【News】 Research institute develops technology to turn rice into gel-type substitute of wheat flour (Oct. 23, 2013)

 

In an effort to increase consumption of rice, a research institute based in Tsukuba, Ibaraki Prefecture, developed a technology to create a gel-like material from rice which can be used as a substitute for wheat flour, the institute announced Tuesday, October 22.

A researcher displays cream puffs made from rice gel instead of wheat flour.

A researcher displays cream puffs made from rice gel instead of wheat flour.

National Agriculture and Food Research Organization’s National Food Research Institute said it used high amylose rice with high starch content, such as Momiroman, a variety used mainly to produce rice flour or as feed for livestock. It created rice gel by heating rice until it becomes gruel-like, and mixing it at high speed.

The rice gel can be used as a substitute for wheat flour to produce low-calorie, low-fat cream puffs and other desserts, as well as bread and noodles, according to the institute. It can also be used to reduce or substitute the use of eggs, oils and gelatin, so that it will become a potential material for producing adult care food and substitutes for people with food allergies.

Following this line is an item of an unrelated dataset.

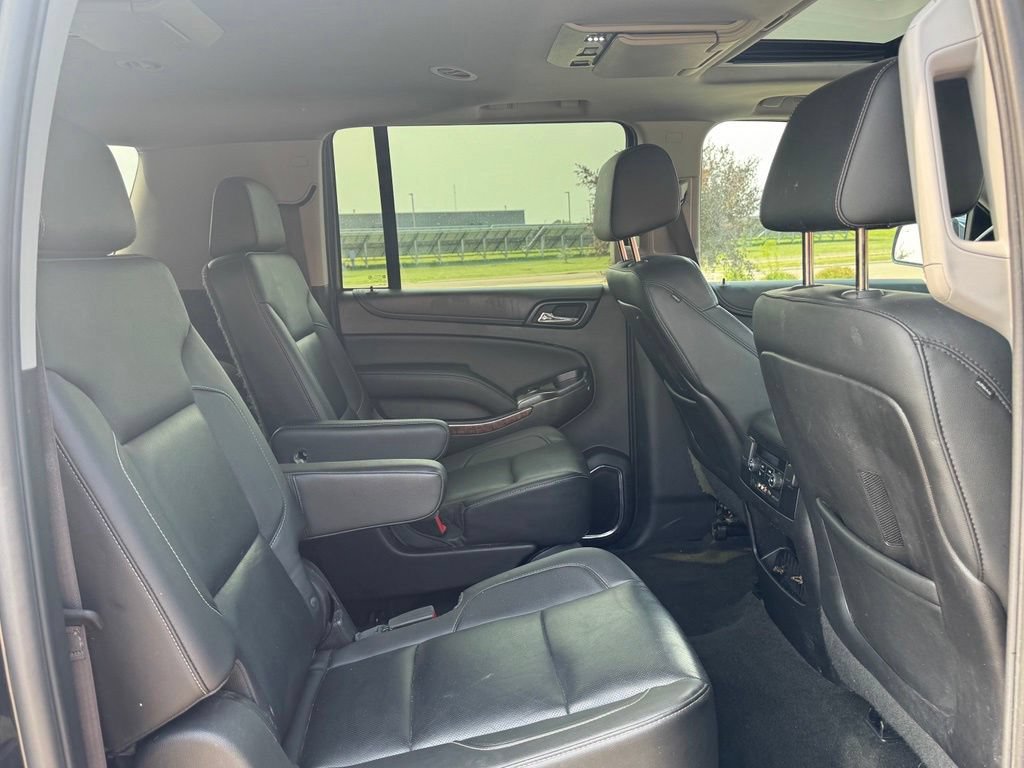 Used 2015 Chevrolet Suburban LTZ AWD/4WD image 31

At Tuesday’s press conference, the institute showed cream puffs and chocolate mousse made from the rice gel. By substituting weak flour, butter, vegetable oil and a part of eggs with rice gel, the cream puffs have 53 percent less fat than ordinary cream puffs. Chocolate mousse which was made from rice gel, using cocoa powder instead of chocolate, contains 37 percent less fat.

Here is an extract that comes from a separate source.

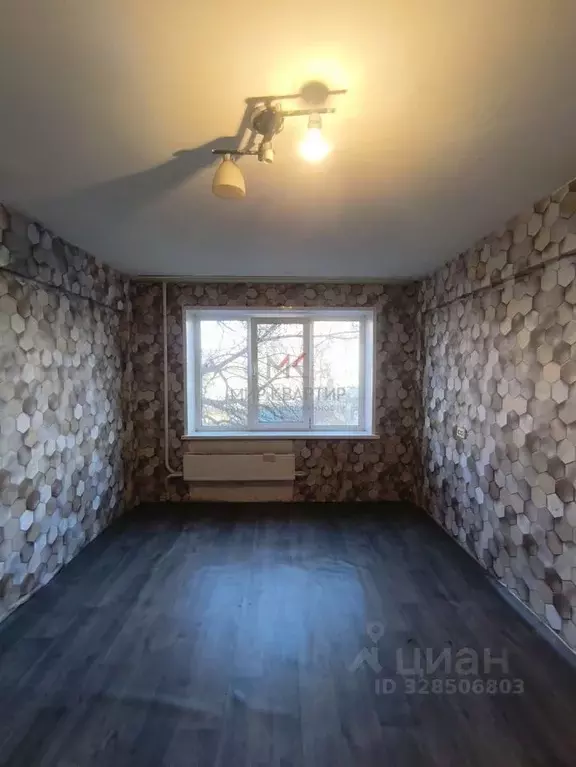 Комната Хакасия, Абакан Торговая ул., 2/2 (13.9 м) - Фото 1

The institute hopes the rice gel will be used by farmers, especially women who are working to produce new processed food products, as well as by food industries and food processing firms to produce bread and desserts.

Junichi Sugiyama, senior researcher of the institute, said they plan to develop a high-speed mixing device so the technology can be put into practical use. “Since the amylose content in rice differs according to the region, we must enable (producers) to create rice gel which is consistent (in quality),” Sugiyama said.